Exercise. Please return the lines of the data that contain "Picture".

Extracted data Start Marker

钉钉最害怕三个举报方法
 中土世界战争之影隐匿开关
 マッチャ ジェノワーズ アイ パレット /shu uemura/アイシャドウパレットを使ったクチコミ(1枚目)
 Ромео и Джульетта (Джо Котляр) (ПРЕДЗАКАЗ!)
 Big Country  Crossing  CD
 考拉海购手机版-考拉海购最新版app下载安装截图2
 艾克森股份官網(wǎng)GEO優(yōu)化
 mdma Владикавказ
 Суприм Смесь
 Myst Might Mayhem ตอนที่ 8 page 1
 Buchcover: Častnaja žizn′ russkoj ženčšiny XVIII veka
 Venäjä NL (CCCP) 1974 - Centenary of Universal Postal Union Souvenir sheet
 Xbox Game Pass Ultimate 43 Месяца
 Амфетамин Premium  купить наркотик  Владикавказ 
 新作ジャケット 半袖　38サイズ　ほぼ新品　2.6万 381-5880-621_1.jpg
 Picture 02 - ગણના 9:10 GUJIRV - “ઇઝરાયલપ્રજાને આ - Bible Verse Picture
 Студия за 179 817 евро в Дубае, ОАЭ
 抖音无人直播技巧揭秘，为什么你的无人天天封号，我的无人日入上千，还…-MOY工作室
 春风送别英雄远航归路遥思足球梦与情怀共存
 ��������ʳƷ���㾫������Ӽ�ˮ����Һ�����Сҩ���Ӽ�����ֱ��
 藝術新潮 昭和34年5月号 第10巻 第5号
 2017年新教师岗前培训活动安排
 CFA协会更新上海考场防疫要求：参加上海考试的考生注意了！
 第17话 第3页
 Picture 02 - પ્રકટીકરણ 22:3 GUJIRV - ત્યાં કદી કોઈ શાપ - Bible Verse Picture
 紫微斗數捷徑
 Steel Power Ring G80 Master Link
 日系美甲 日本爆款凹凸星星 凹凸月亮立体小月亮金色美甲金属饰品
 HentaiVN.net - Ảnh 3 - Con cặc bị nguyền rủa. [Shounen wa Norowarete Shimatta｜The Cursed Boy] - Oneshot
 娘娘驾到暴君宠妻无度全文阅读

Extracted data End Marker

Exercise result.
 Picture 02 - ગણના 9:10 GUJIRV - “ઇઝરાયલપ્રજાને આ - Bible Verse Picture
 Picture 02 - પ્રકટીકરણ 22:3 GUJIRV - ત્યાં કદી કોઈ શાપ - Bible Verse Picture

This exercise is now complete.